With public support for the war bottoming out, and even such former Bush loyalists as Senator Pete Domenici (R-New Mexico) talking about the need to get out of Iraq, Reid should do everything in his power to force the issue. The public deserves to know whether Domenici, George Voinovich (R-OH), Richard Lugar (R-IN), and other Johnny-come-lately critics of their President's Iraq policy are serious about ending the war.
Meanwhile, it turns out that "fighting them over there" has given Al Qaeda the time and political ammunition it needs to regroup for another major attack here at home. The new National Intelligence Estimate on "The Terrorist Threat to the U.S. Homeland" released by the White House yesterday, warns of a growing Al Qaeda threat. One key reason for the "heightened threat environment" here at home, according to the report: "Al Qaeda will continue to enhance its capabilities to attack the homeland through greater cooperation with regional terrorist groups. Of note, we assess that Al Qaeda will probably seek to leverage the contacts and capabilities of Al Qaeda in Iraq (AQI), its most visible and capable affiliate and the only one known to have expressed a desire to attack the homeland."
In other words, the terrorist group formed in opposition to the U.S. occupation of Iraq is working with the group that attacked us on 9-11, making another major attack more likely.
Keep in mind that there was no Al Qaeda Iraq before the U.S. invasion.
Now, according to the Administration's own intelligence report: "[Al Qaeda's] association with AQI helps Al Qaeda to energize the broader Sunni extremist community, raise resources, and to recruit and indoctrinate operatives, including for homeland attacks."
It doesn't get much clearer than that. The Iraq war, in addition to costing thousands of lives, billions of dollars, and leading to a catastrophic situation for Iraqi civilians and a lethal quagmire for U.S. troops, has made us less safe.

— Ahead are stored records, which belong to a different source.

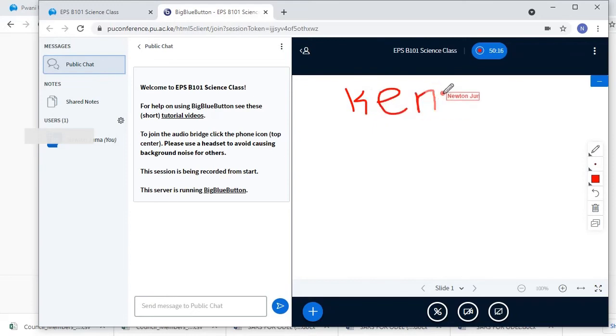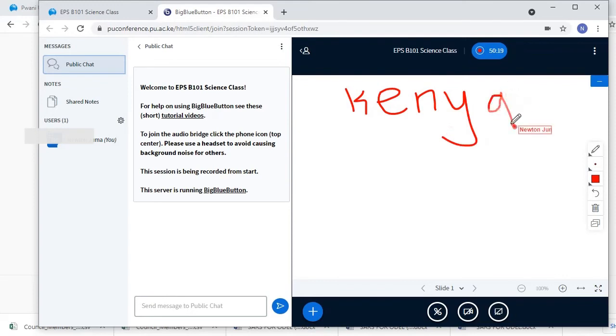And the fifth tool is a delete button for clearing the entire whiteboard.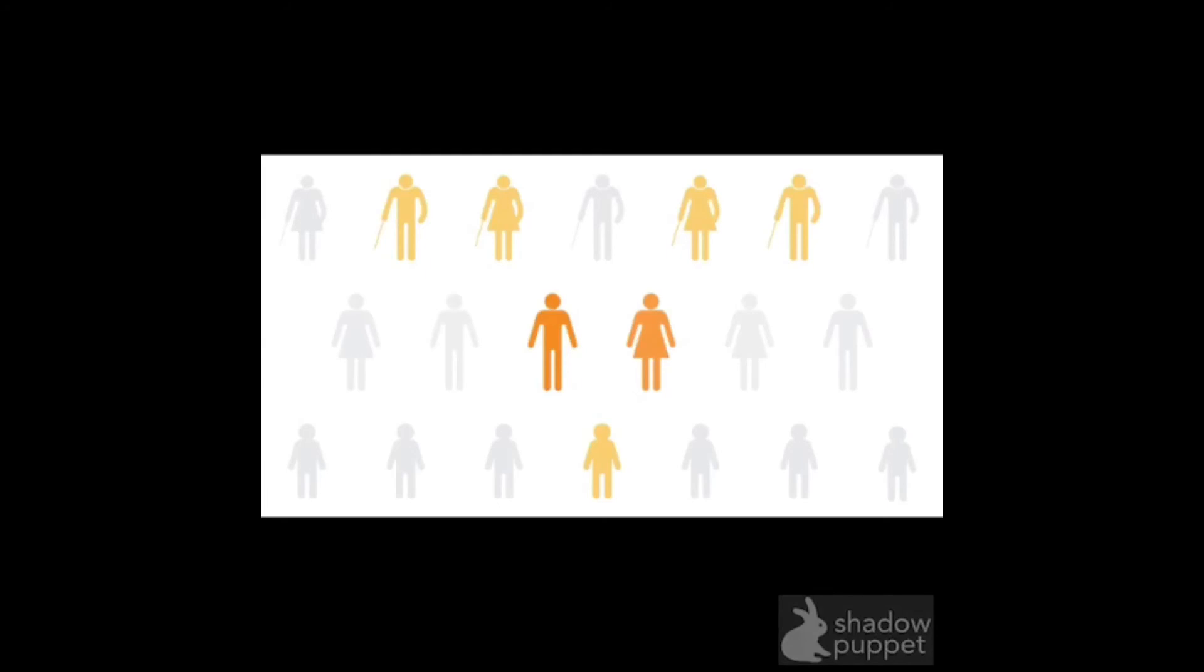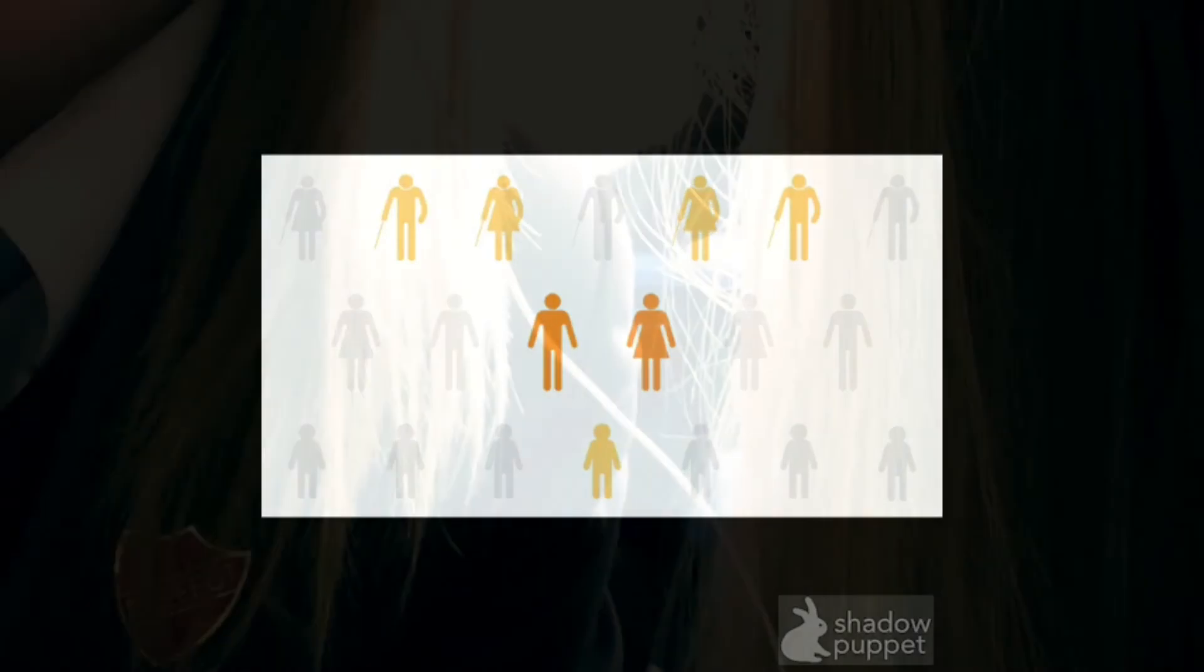If both parents are from one-child families, they are rewarded by being allowed two children. If they live in the countryside, they are allowed a second child if the first is a girl.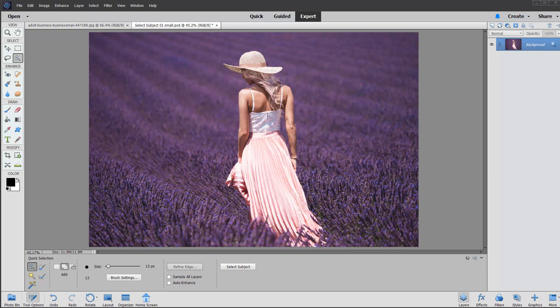Hello there, folks. We're going to have a look at another new feature that you'll find in Adobe Photoshop Elements version 2020.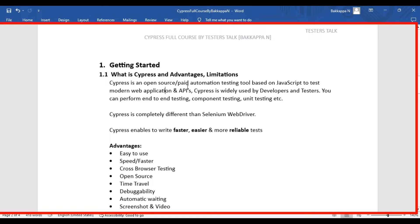Using Cypress, you can test APIs as well. Cypress is widely used by both developers and testers, and you can perform end-to-end testing, component testing, and unit testing with it. Cypress is completely different from Selenium WebDriver — Cypress is a tool whereas Selenium WebDriver is an API. You can create tests faster, easier, and more reliably using Cypress.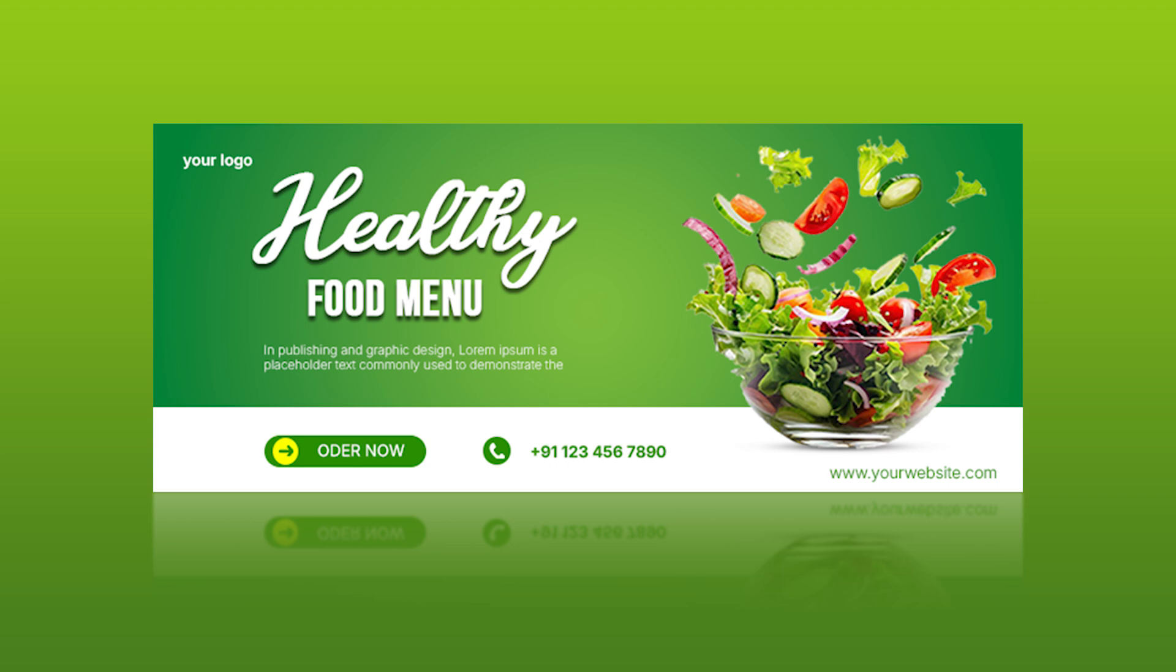In this tutorial I will show you how to create a professional food banner design in Adobe Photoshop.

The Administration, trying to put its own counterintuitive spin on a devastating intelligence report, is suggesting that leaving Iraq while the terrorist threat level remains high would somehow imperil us further. Their motto: no matter how bad things get, keep digging. Opponents of the war need to counter the irrational appeal to fear that pushes for blindly lobbing bombs and soldiers' bodies at Iraq.
Clearer heads have a chance to prevail now, before another catastrophic event here in the United States is twisted into a rationale for an endlessly escalating violence.